Publié le Mercredi 20 octobre 2021 à 12h00.

17 octobre 1961 : aucune excuse pour Emmanuel Macron

Des « crimes inexcusables pour la République ». C’est ainsi qu’Emmanuel Macron a qualifié le massacre du 17 octobre 1961. Alors que certains espéraient que Macron franchirait le cap en employant les termes « crime d’État », le président de la République s’est contenté du service minimum en participant – une première – à une cérémonie de commémoration.

La déclaration de l’Élysée indique en outre que « les crimes commis cette nuit-là sous l’autorité de Maurice Papon sont inexcusables pour la République ». Une façon commode de dédouaner l’État de ses responsabilités en rejetant la faute sur l’épouvantail Maurice Papon. Comme si le préfet de police avait agi de façon autonome et non sous la responsabilité du ministère de l’Intérieur et donc du pouvoir. Comme l’a résumé le chercheur Olivier Le Cour Grandmaison, il s’agit « d’un petit pas qui va permettre à Emmanuel Macron de ne pas en faire un plus grand ».

Aujourd’hui comme hier, la négation des crimes policiers

On ne peut dès lors que comprendre et partager la colère qui s’est exprimée après la publication du communiqué de Macron, de la part des survivantEs du 17 octobre, de leurs proches, de leurs descendantEs, et plus largement de toutes celles et tous ceux qui refusent que ce crime colonial soit effacé de l’histoire.
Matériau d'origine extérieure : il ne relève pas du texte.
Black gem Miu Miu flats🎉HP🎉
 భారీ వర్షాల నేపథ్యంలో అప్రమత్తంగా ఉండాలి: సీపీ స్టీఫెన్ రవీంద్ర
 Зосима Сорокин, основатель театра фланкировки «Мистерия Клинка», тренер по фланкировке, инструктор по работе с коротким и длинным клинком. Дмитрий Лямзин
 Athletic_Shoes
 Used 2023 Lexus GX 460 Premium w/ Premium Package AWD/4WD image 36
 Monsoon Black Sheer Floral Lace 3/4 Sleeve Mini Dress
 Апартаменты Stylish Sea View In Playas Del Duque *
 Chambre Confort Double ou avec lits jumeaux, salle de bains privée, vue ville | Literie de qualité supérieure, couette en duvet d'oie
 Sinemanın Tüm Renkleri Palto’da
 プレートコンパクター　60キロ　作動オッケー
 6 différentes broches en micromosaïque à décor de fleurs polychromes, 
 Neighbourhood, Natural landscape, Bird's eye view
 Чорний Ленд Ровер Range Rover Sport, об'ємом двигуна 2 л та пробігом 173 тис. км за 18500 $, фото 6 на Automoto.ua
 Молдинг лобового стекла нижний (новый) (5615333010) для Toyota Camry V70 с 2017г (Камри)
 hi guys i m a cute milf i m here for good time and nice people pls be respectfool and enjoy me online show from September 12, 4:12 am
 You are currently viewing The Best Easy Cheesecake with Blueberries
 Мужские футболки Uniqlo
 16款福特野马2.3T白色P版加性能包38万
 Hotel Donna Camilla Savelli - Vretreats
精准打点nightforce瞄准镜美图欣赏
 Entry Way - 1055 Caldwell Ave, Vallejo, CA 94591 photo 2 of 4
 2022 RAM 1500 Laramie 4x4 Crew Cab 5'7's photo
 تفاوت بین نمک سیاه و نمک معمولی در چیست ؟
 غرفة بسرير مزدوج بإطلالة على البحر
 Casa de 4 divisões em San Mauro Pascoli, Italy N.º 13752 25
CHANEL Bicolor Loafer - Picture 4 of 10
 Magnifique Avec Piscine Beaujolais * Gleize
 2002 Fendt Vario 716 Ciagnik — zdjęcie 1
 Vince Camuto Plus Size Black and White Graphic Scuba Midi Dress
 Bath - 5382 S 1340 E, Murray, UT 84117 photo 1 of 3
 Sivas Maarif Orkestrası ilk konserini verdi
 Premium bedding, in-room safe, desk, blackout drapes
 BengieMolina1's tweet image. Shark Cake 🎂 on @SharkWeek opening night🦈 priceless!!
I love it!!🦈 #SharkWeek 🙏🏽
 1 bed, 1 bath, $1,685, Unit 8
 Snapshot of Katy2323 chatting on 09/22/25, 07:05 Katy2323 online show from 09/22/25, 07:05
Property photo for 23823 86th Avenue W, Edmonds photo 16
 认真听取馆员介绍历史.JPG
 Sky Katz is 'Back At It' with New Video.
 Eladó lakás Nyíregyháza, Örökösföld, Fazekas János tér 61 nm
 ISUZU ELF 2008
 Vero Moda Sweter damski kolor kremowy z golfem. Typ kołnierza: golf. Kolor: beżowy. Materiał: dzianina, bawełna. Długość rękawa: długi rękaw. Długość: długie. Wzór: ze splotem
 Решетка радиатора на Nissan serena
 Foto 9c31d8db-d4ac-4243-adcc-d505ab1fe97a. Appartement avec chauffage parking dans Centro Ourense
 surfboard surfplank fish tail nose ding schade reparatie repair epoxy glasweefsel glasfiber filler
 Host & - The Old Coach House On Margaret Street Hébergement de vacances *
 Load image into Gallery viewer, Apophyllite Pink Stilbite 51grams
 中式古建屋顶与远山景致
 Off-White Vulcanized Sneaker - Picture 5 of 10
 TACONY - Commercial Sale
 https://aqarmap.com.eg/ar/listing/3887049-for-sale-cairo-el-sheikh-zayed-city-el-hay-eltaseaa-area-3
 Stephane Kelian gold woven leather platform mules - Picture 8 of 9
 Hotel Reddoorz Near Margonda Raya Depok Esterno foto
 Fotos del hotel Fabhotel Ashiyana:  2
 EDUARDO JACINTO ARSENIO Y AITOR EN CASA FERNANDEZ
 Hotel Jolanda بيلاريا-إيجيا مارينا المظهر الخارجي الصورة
Mais l’on n’est malheureusement pas surpris de l’attitude de Macron et des siens, qui refusent de se confronter au passé colonial pour éviter d’avoir à assumer le présent néocolonial, et qui sont en outre sensibles à un air du temps particulièrement réactionnaire et raciste, comme en témoigne – entre autres – la zemmourisation du débat public.

Au lendemain de la déclaration de Macron, nous étions des milliers dans les rues de Paris, avec également d’autres rassemblements dans plusieurs grandes villes, pour dire notre refus de l’oubli et notre exigence de vérité, et aussi pour rappeler que les batailles de mémoire ont des enjeux très actuels. Nier la réalité du massacre du 17 octobre 1961, c’est nier la réalité de la violence coloniale dans son ensemble, et par là même délégitimer les combats anticoloniaux, passés et présents. Qui plus est, la coïncidence de calendrier qui a fait que c’est seulement trois jours avant le 17 octobre que Darmanin a annoncé vouloir déposer plainte contre Philippe Poutou, lequel avait « osé » affirmer que la police tue, a sonné comme un rappel : la négation des crimes policiers ne date pas d’hier, et certains aujourd’hui se situent dans la lignée des négationnistes du 17 octobre 1961. À ceux-là nous le répétons : nous ne cesserons jamais de nous battre contre les crimes racistes, contre les crimes d’État, et nous ne nous laisserons pas intimider, à l’instar de toutes celles et tous ceux qui n’ont jamais abandonné le combat pour la reconnaissance de ce qui s’est passé, il y a 60 ans, dans les rues de Paris, sur ordre de l’État français.